Lately after a few hours of running the esp32 goes into a disconnect loop.

A crash used to occur on:

I (22425788) wifi: ap_probe_send over, resett wifi status to disassoc

See log

Ever since esp-idf 058eb26, the esp32 is going into a wifi disconnect loop instead of a crash.
See log. The last 10 lines in this log file repeat until a reset happens.

We have tested esp_wifi_disconnect(), which properly disconnects and reconnects.
See log

Except on those wifi: ap_probe_send over, resett wifi status to disassoc
This problem occurs on a DOIT board with the esp-wroom32, Pycom LoPy and SiPy. We also tested this on 4 different routers.

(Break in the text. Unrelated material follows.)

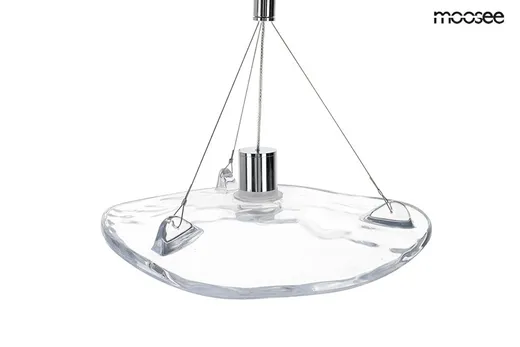 MOOSEE Lampa wisząca AQUA 30 - transparentny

Another disconnect loop on both a DOIT and LoPy log where wifi log level is set to verbose. This happend after we updated esp-idf to 7ed8c66

What can we do about this problem? We would like to recover from this disconnect. A crash is less problematic because after a restart the esp32 functions again.
The same issue is posted on esp32.com

@Resultfactory
Copy link
Author

We added a wifi deinit to try and circumvent the disconnect loop.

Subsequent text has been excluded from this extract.